### TASK STATEMENT
Please retype the records below exactly, from the first line through the line containing "I looked at", and leave out any pictures.

[Stored items]
---+---

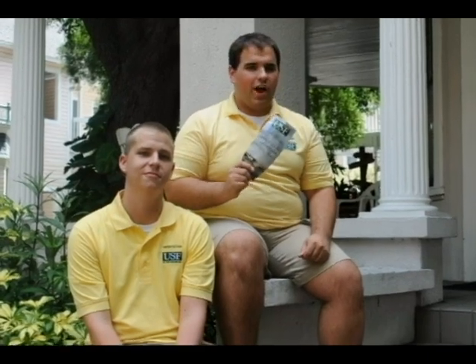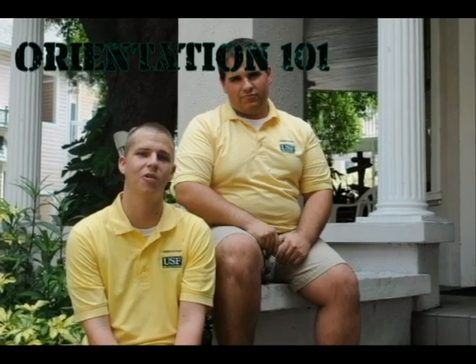Please refer to the orientation confirmation brochure and website as your guide. At any time you can contact the orientation office via phone, Facebook, or instant message. Thank you for watching Orientation 101. We hope you found it useful. We look forward to seeing you during your orientation. Go Bulls!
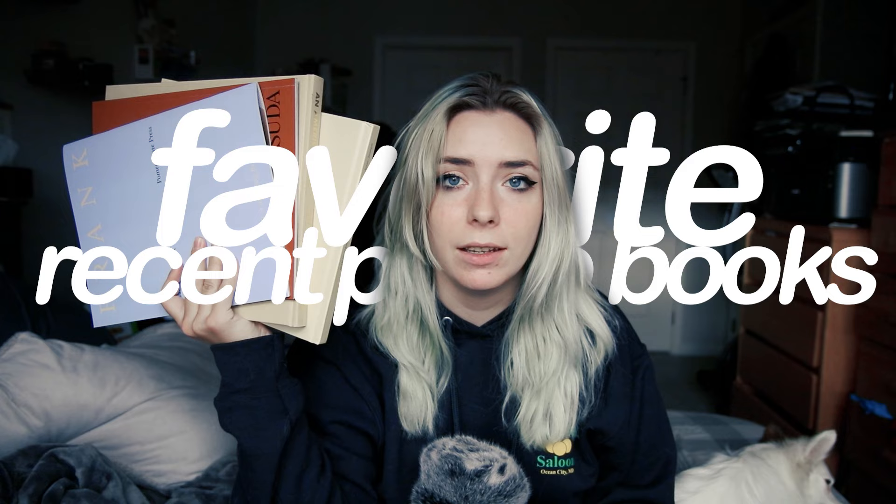Hi everyone, welcome back to another video. Today I wanted to go over some recent photobook pickups that I have here and just talk about them a little bit and show you guys what I got, because I got some pretty cool things in my opinion and I just thought it'd be fun to talk about them.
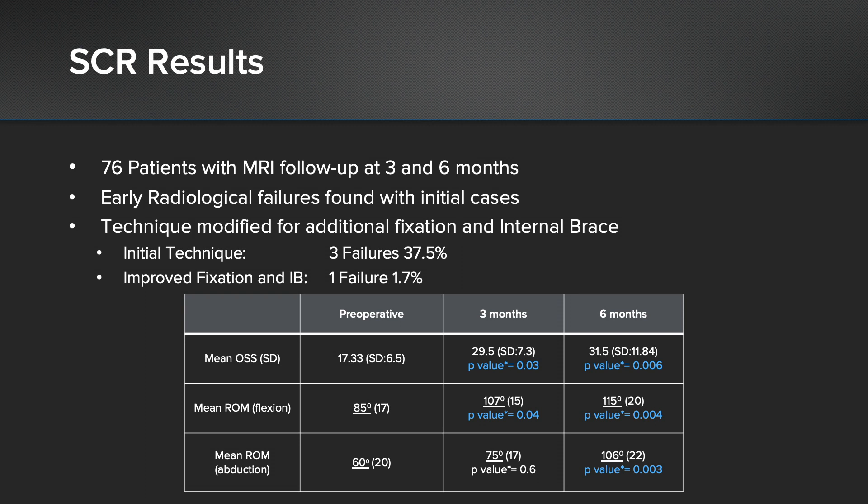I looked at my technique. My initial technique — I did eight cases and three of them failed on the medial side, pulling off from the glenoid, but they were still doing well. That gave me a 37.5% failure rate. I improved my medial fixation and that dropped. Then I added the internal brace and now the failure rate on the medial side has gone down to 1.7%.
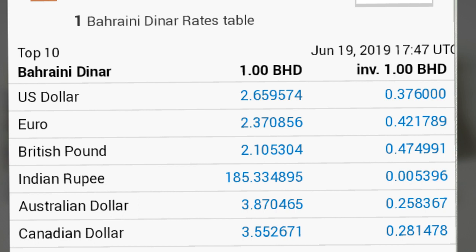1 Australian Dollar equals 0.25 Dinar. 1 Canadian Dollar equals 0.28 Dinar. 1 Dinar equals 2.65 US Dollars.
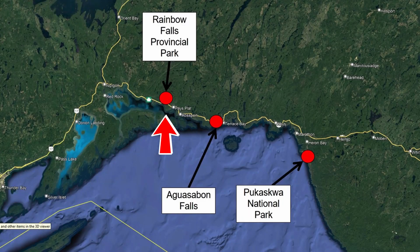In this video we leave Rainbow Falls Provincial Park and travel east along Highway 17 to visit Aguasabon River Falls and Gorge. After which we stopped in Marathon to stock up on food. From Marathon we headed further east to camp in Puckasaw National Park.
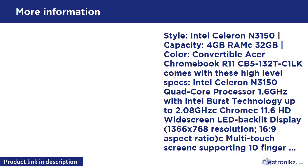Dual band 2.4GHz and 5GHz, Bluetooth 4.0, built-in HD webcam, one USB 3.0 port, one USB 2.0 port, one HDMI port. 3-cell Li-Ion battery, 3220 mAh, up to 10 hours battery life. Weight: 2.76 lbs / 1.25kg system unit only.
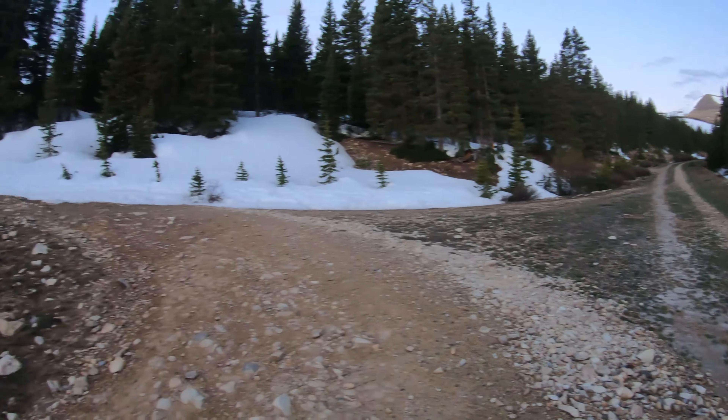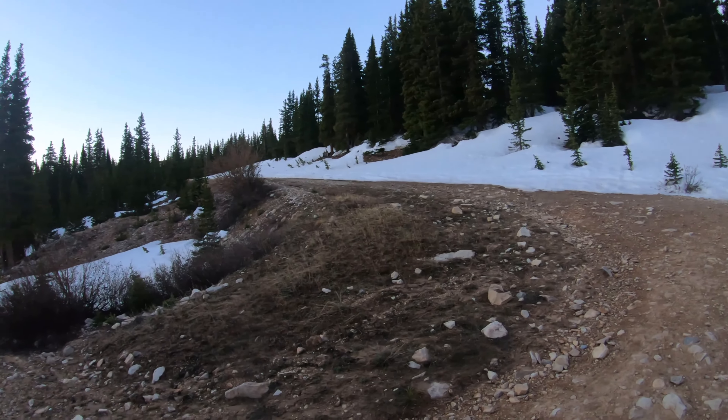First trail junction of the day — you're gonna take a left to continue up to Horseshoe Peak.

---+---

### EXPECTED OUTPUT
Please refer to the orientation confirmation brochure and website as your guide. At any time you can contact the orientation office via phone, Facebook, or instant message. Thank you for watching Orientation 101. We hope you found it useful. We look forward to seeing you during your orientation. Go Bulls!
Hi everyone, welcome back to another video. Today I wanted to go over some recent photobook pickups that I have here and just talk about them a little bit and show you guys what I got, because I got some pretty cool things in my opinion and I just thought it'd be fun to talk about them.
I looked at my technique. My initial technique — I did eight cases and three of them failed on the medial side, pulling off from the glenoid, but they were still doing well. That gave me a 37.5% failure rate. I improved my medial fixation and that dropped. Then I added the internal brace and now the failure rate on the medial side has gone down to 1.7%.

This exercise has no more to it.